Cuando recibió el aviso, el hombre estaba hundido en la hamaca, tenía los labios ampollados de la fiebre alta que durante la noche le había envuelto en alucinaciones galopantes, temblores y delirios. Amanecía en la manigua. La humedad de la hojarasca por el suelo le enfermaba los huesos. El tifus lo había debilitado mucho, tenía el cuerpo seco, la mirada opaca y una palidez cetrina en el rostro. Cuando lo supo se incorporó súbitamente, como si todas las fuerzas hubieran regresado para restarle cansancio. No lo pensó más de una vez, se incorporó y puso de inmediato en camino.
Había pasado una noche feliz, porque la somnolencia febril evocaba su vida y confundía, en imágenes desordenadas en el tiempo, la mañana de festejos religiosos cuando la melodía de La Bayamesa se escuchó por primera vez en la ciudad, los mediodías en la Universidad de Barcelona, las tardes de la Sociedad Filarmónica y el teatro de aficionados en la hacienda Santa María, las noches de conspiración en La Logia, el día de la cabalgata veloz por la principal calle bayamesa, cuando lanzó al aire copias de un manifiesto patriótico que llamaba a los habitantes de la urbe a incorporarse a la revolución que poco después entró en Bayamo, el 20 de octubre aquel en que escribió inspirado, la poesía de las estrofas de la música, del himno de la guerra.
Mientras andaba, pensaba en todas esas evocaciones y sonreía para sí. Se olvidaba por unos instantes de la urgencia de la hora que vivía, de su desasosiego. Corría 1870. Desde principios de año había sido relevado de su cargo de Mayor General y Subsecretario de la Guerra; pero pese a su enfermedad continuaba en la manigua.
El aviso venía de Jobabo. Las familias criollas de Bayamo, después de incendiar la ciudad, se habían establecido en la espesura del monte, donde era poco probable llegaran las tropas españolas. Sin embargo, en junio de aquel 1870, el Ejército peninsular intensificó la búsqueda de las familias de los jefes insurrectos para aumentar la presión y forzarlos a un acuerdo conciliatorio ominoso.

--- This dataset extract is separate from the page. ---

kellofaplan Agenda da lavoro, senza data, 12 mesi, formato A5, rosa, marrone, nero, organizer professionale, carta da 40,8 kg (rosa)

Una madrugada de ese mismo mes, los disparos despertaron el rancherío donde se encontraban la esposa e hijas del General Pedro, Perucho, Figueredo. Ellas lograron escapar, enviar aviso y esperar varios días al General, o a su hijo Luis Figueredo.
Él tenía sangrantes y ulceradas las plantas de los pies. Apenas podía avanzar. Llevaba mucho sin alimentarse en aquella caminata infernal e interminable hacia Jobabo. Cuando ve de nuevo a los suyos está a punto de desfallecer. La familia se oculta en Santa Rosa. El 10 de agosto, el General se agrava y las mujeres deciden enviar a un soldado por Luis.
El coronel español Francisco Cañizal se encuentra en las inmediaciones y captura al mensajero, quien ubica el lugar donde se encuentran refugiadas varias familias. Se cierra el cerco. Atacan. Uno de los hijos del patriota Rodrigo Tamayo muere macheteado. Perucho logra dirigir un grupo que se interna en la manigua. La persecución continúa a la mañana siguiente. Pronto dan alcance a los fugitivos.
Sus fuerzas lo abandonan ya. No puede continuar y pide a su ordenanza que coloque la hamaca entre los troncos robustos y lo deje solo para que logre escapar con su familia.
Su hija Eulalia dice que no, que ella no puede irse de su lado. Ya están ahí y el General dispara hasta la última bala de su revólver. Intenta suicidarse con su machete, pero ya no hay tiempo, la fatiga le nubla la vista.
Rodrigo e Ignacio Tamayo, Eulalia y el General son conducidos a Santiago de Cuba. El 15 de agosto llegan a la ciudad. Figueredo no responde a las preguntas del Fiscal del Tribunal Militar español. El 16 de agosto le proponen el perdón a cambio de renunciar a la lucha. Responde con pocas palabras: “Antes morir como cubano honrado que envilecerme aceptando la vida a tanto precio”.
Lo conducen sin casi poder andar hasta el antiguo caserón matadero de la misma ciudad. El ruido atronador de la descarga de fusilería no logra silenciar el último verso que repite la voz del poeta: “morir por la patria es vivir”.
(Crónica originalmente publicada en el diario Granma, 1995).